Livro discute relevância da Direita, Esquerda e outras ideologias políticas na atualidade

A cientista política Juliana Fratini reuniu pesquisadores de diversos espectros para apresentar um panorama completo do atual pensamento político. O trabalho de curadoria e organização de Juliana Fratini é minucioso em apresentar as questões mais importantes sobre o universo político brasileiro. O título da obra faz referência à música “Ideologia”, de Cazuza, que admitia em sua letra que precisava de um sentido para sua vida.

Sobre os autores

André Pereira César – Cientista social formado pela Unicamp, com especialização em controle orçamentário pela Escola de Administração da Fazenda do Distrito Federal.

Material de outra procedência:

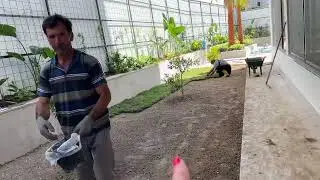 МИ ЗНОВУ НА ОБА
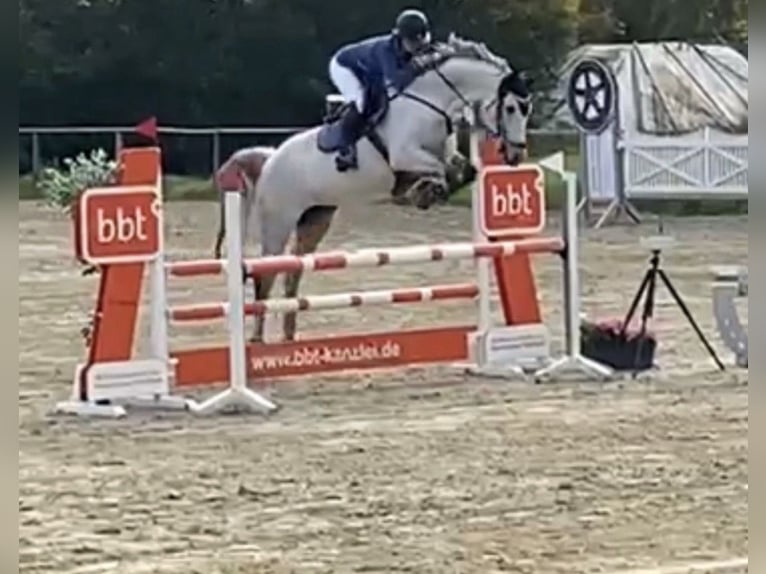 Mecklenburg Warmblood Mare 15 years 16.1 hh Grey in Springe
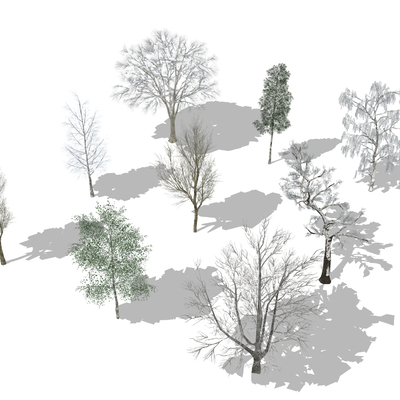  行道树 枯树干 白桦松树su模型 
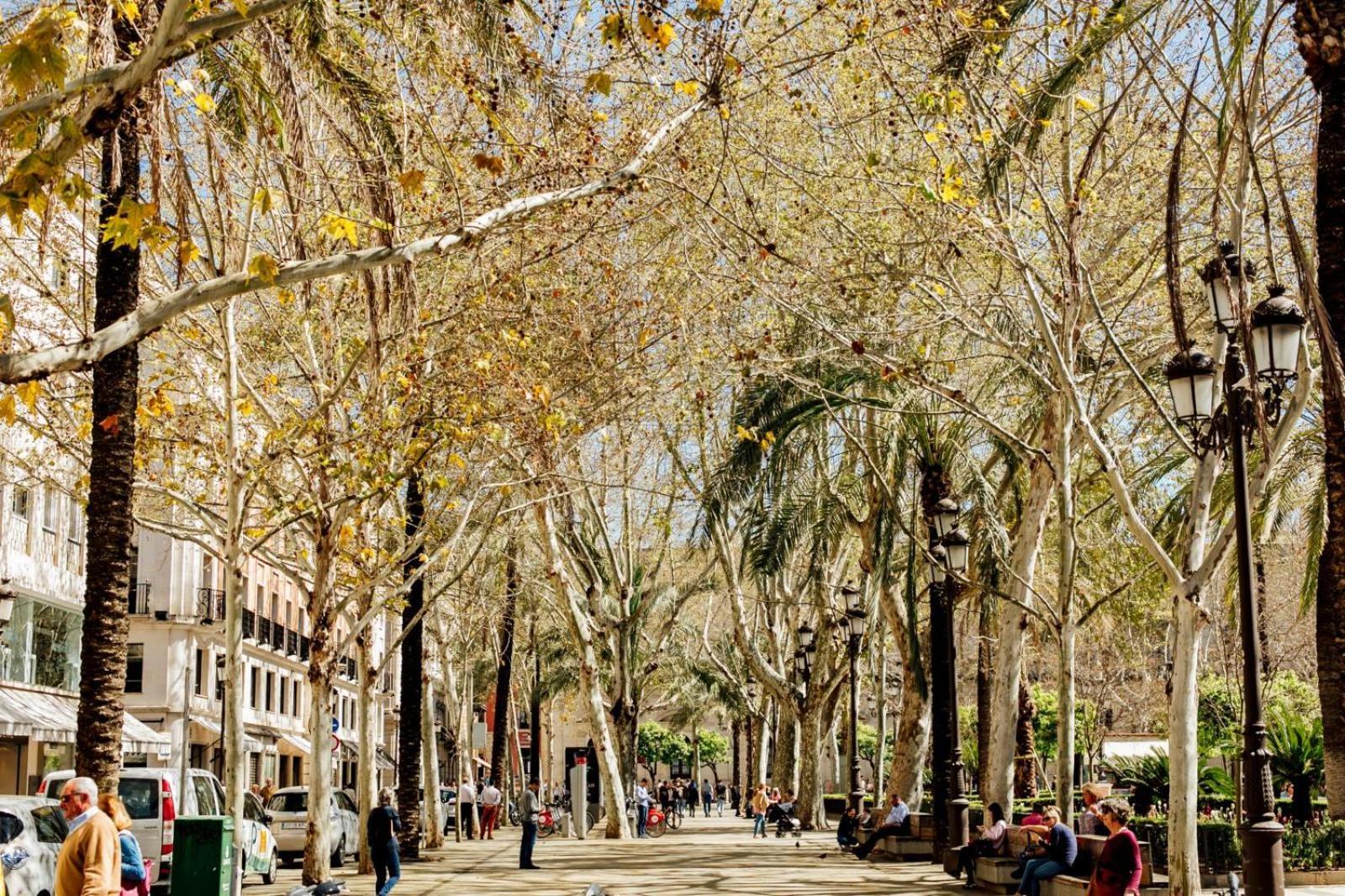 Plaza De La Magdalena I, Sevilla Centro Historico Zewnętrze zdjęcie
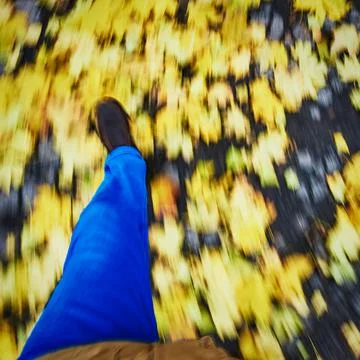 Walking on leaves Foto stock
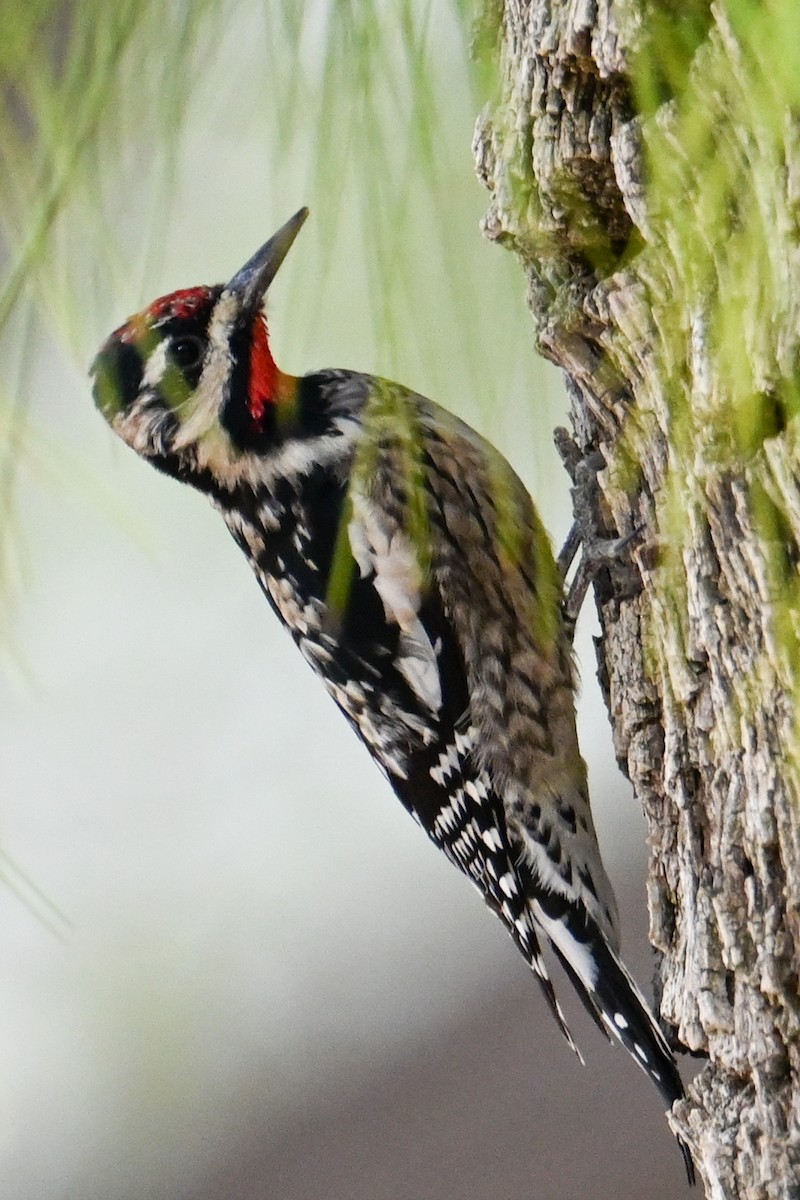 Yellow-bellied Sapsucker - Kenneth Franklin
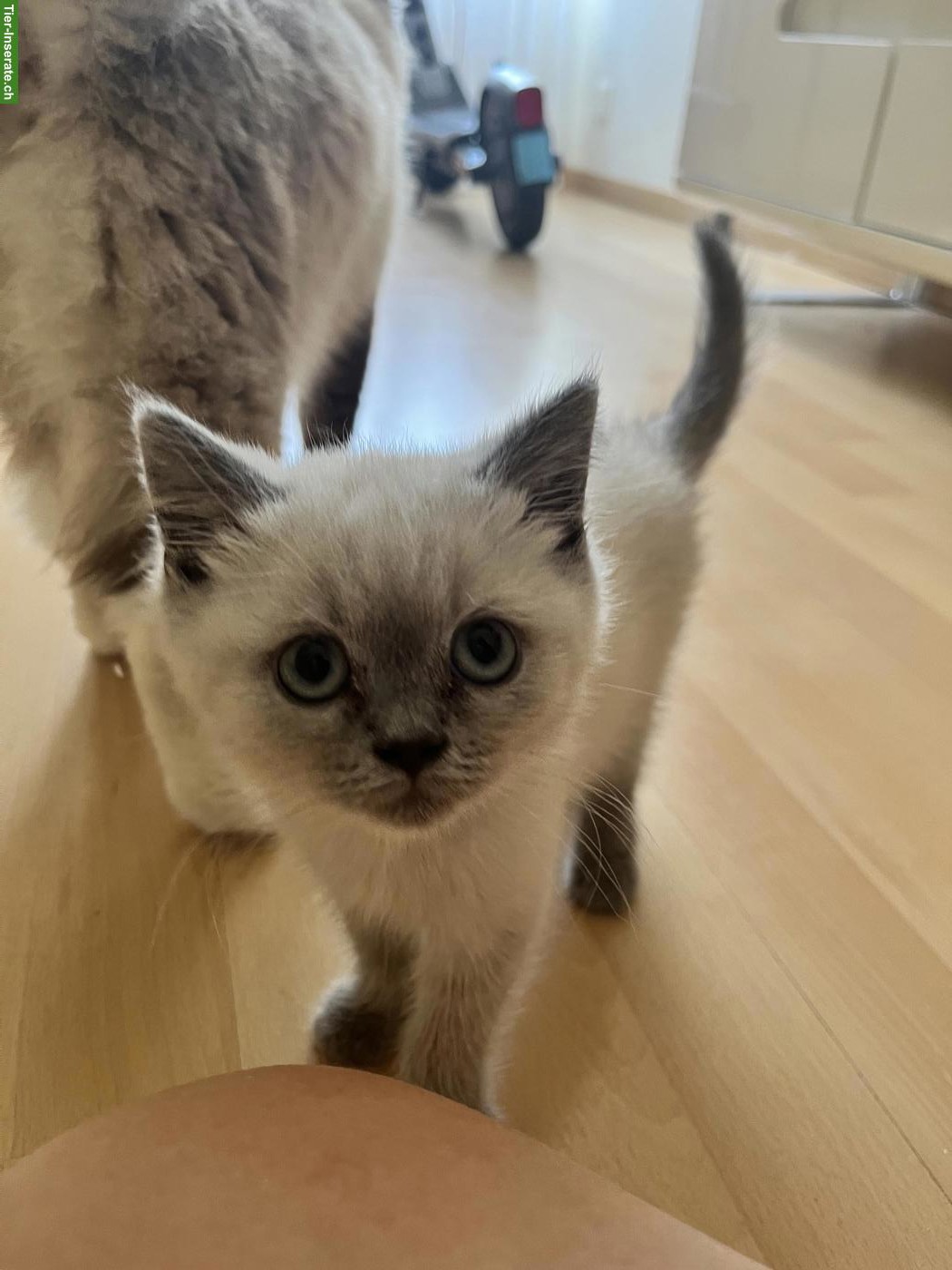 Bild 2: BKH Kitten Blue Point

Carlos Freitas – Jornalista, mestre em Ciência Política pela Universidade Federal de Minas Gerais e atua como jornalista na Câmara Municipal de Belo Horizonte.

Christian Edward Cyril Lynch – Professor do Instituto de Estudos Sociais e Políticos da Universidade do Rio de Janeiro (IESP-UERJ), da Universidade Federal do Rio de Janeiro (Unirio) e da Universidade Veiga de Almeida (UVA). Pesquisador do CNPq e da Faperj.

Claudio Gonçalves Couto – Cientista político, mestre e doutor pela USP, professor adjunto do Departamento de Gestão Pública FVG-Easp; pesquisador CNPQ, integrante do seu comitê de área.

Clayson Felizola – Jornalista e professor pós-graduado em Filosofia pela PUC-MG, com especialização em Filosofia Contemporânea.

Fabrício Amorim – Jornalista, mestre e doutorando em Ciências Sociais pela PUC-SP. Especialista em Ciência Política pela FESP-SP.

Fernando Miramontes Forattini – Graduado em Filosofia pela USP, mestre e doutorando em História pela PUC-SP e estudante-visitante pela Universidade de Chicago, bem como fellow na Corruption in the Global South Network. Possui especialização em corrupção pela Transparency International School on Integrity (Vilnius, Lituânia) e pela Universidade da Pensilvânia.

Francisco Fonseca – Cientista político e professor da PUC-SP e da FGV/Easp.

Helcimara Telles – Cientista política, doutora em Ciência Política pela USP, professora da Universidade Federal de Minas Gerais e presidente da Associação Brasileira de Pesquisadores Eleitorais (Abrapel).

José Paulo Martins Júnior – Bacharel, mestre e doutor em Ciência Política pela USP.

Juliana Fratini (organizadora) – Cientista política, mestre e doutoranda pela PUC-SP.

Marco Aurélio Nogueira – Cientista político, professor titular da Unesp (aposentado) e articulista do jornal O Estado de S. Paulo.

Miguel Chaia – Doutor em Sociologia pela USP, professor do Departamento de Ciências Sociais e do Programa de Pós-Graduação em Ciências Sociais da PUC-SP.

Rafael de Paula Aguiar Araújo – Pós-doutor em Comunicação pela Universidade de Lisboa e bacharel em Ciências Sociais pela PUC-SP e em Filosofia pela USP.

Rodrigo Augusto Prando – Professor e pesquisador do Centro de Ciências Sociais e Aplicadas da Universidade Presbiteriana Mackenzie. Graduado – bacharel e licenciado – em Ciências Sociais, mestre e doutor em Sociologia pela Unesp, FCL, Araraquara.

Wagner Iglecias – Doutor em Sociologia e professor da Escola de Artes, Ciências e Humanidades e do Programa de Pós-Graduação em Integração da América Latina da USP.

Vera Chaia – Doutora em Ciência Política pela USP e livre-docente pela PUC-SP. Professora do Departamento de Ciências Sociais e do Programa de Pós-Graduação em Ciências Sociais da PUC-SP.